The House of Representatives has two bills addressing these issues sitting before it, after Financial Services Committee Chair Patrick McHenry (R-N.C.) secured enough support to move these two bills out of committee.

It's unclear whether these bills will make it to a Senate vote. While McHenry reportedly tried to get the bills into annual must-pass defense legislation, Congress ultimately did not include any crypto provisions in this year's National Defense Authorization Act.

But as it did last year, FSOC said regulators may need to act if there is no Confessional action.

"The Council remains prepared to consider steps available to it to address risks related to stablecoins in the event comprehensive legislation is not enacted," the report said.

Vulnerability concerns

Thursday's report flagged vulnerabilities like price volatility, a huge amount of leverage within the industry, cybersecurity and other risks to investors and financial markets as some of the group's concerns around crypto.

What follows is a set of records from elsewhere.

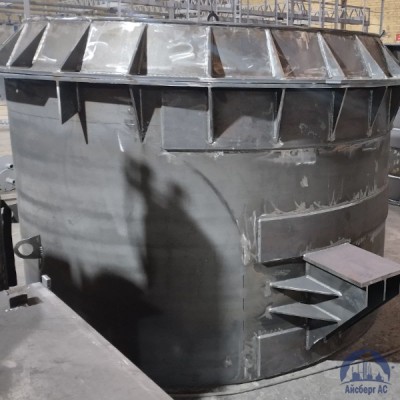 Горн металлургический купить в Усть-Каменогорске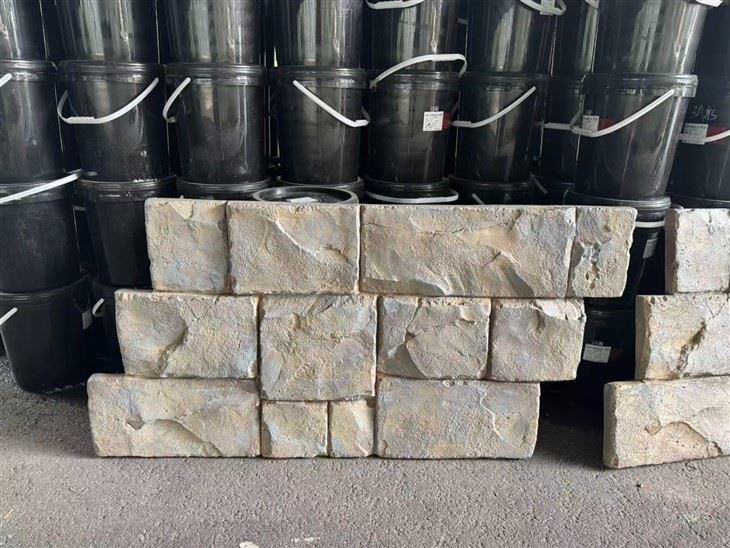 PU STONE Lightweight Simulated Stone high quality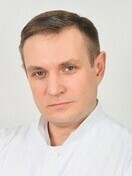Врач Новиков Александр Юрьевич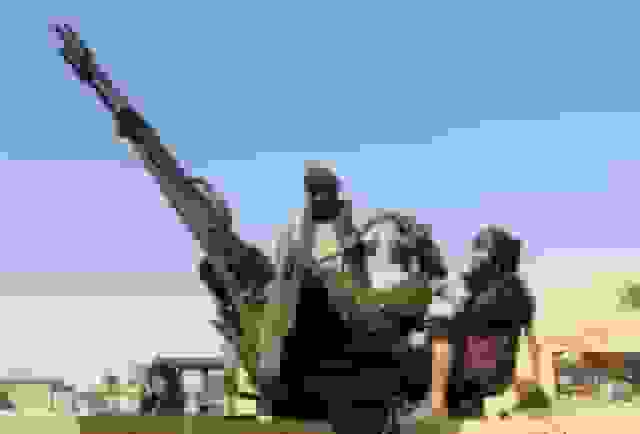 افغانستان و پاکستان با ازسرگیری مذاکرات صلح در استانبول توافق کردند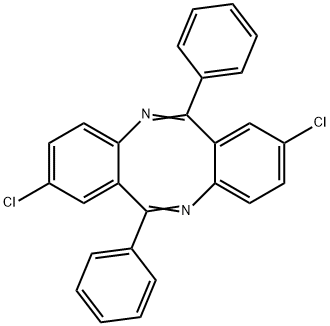 2,8-Dichloro-6,12-diphenyldibenzo[b,f][1,5]diazocine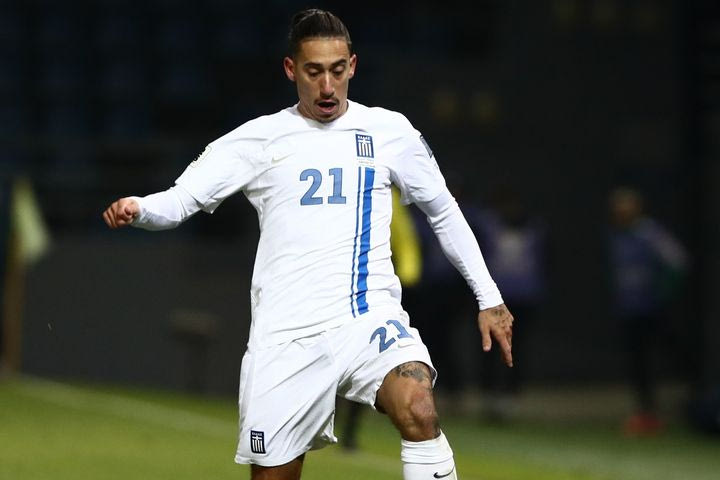 Τσιμίκας: “Πρέπει να είμαστε ενωμένοι για τον επόμενο στόχο”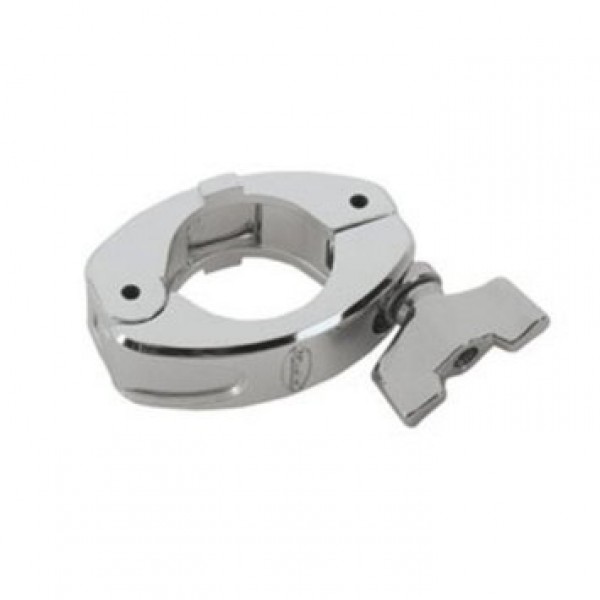 Gibraltar SC-GCHML Chrome Series Hinged Memory Lock 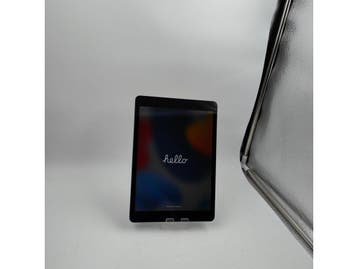 Apple iPad 9 - Refurbished - 64GB WIFI 10.2 - Space Gray, Verzenden, Zo goed als nieuw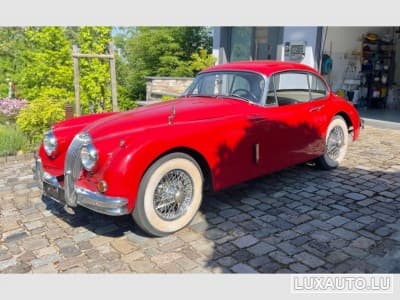 XK 150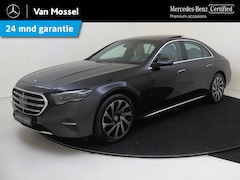 Mercedes-Benz E-klasse - 300 e 4MATIC Exclusive Line / Premium Plus/ Panoramadak/ Softclose/ SUPERSCREEN/ Nappa/ Bu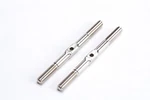 Mugen Seiki E0838 - Steering Tie Rod, Square (2) New. Price: $14.96.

The report mentioned this year's Curve Finance hack, which saw the protocol lose $50 million. Though Curve later regained 73% of those funds, the report said one of the major concerns was that the loans backed by CRV might fall apart with the loss of so much collateral.

"The drop in CRV’s price reportedly put over $100 million worth of loans taken out by Curve Finance’s founder at risk of being liquidated on other decentralized finance (DeFi) platforms," the report said. "Given that DeFi protocols sell underlying collateral in the market if a user is unable to maintain their position, platforms holding CRV as collateral were at risk of experiencing significant losses if the loans liquidated and the price of CRV continually declined."

The report also continued to mention concerns about investor protections and market integrity, saying some companies may be operating outside existing law.

Stablecoins, which have long been a concern for finance regulators in the U.S., received its own subsection in the report.

"if a stablecoin were to scale significantly, a run on the stablecoin could lead to fire sales of the traditional assets backing the stablecoin like bank deposits, MMFs, Treasury securities, and commercial markets is also small relative to the crypto-asset market and the traditional financial system," the report said as one example.

Another section of the report focused on nonbank financial institutions, which are becoming increasingly active and must be monitored for potential risks, the report said.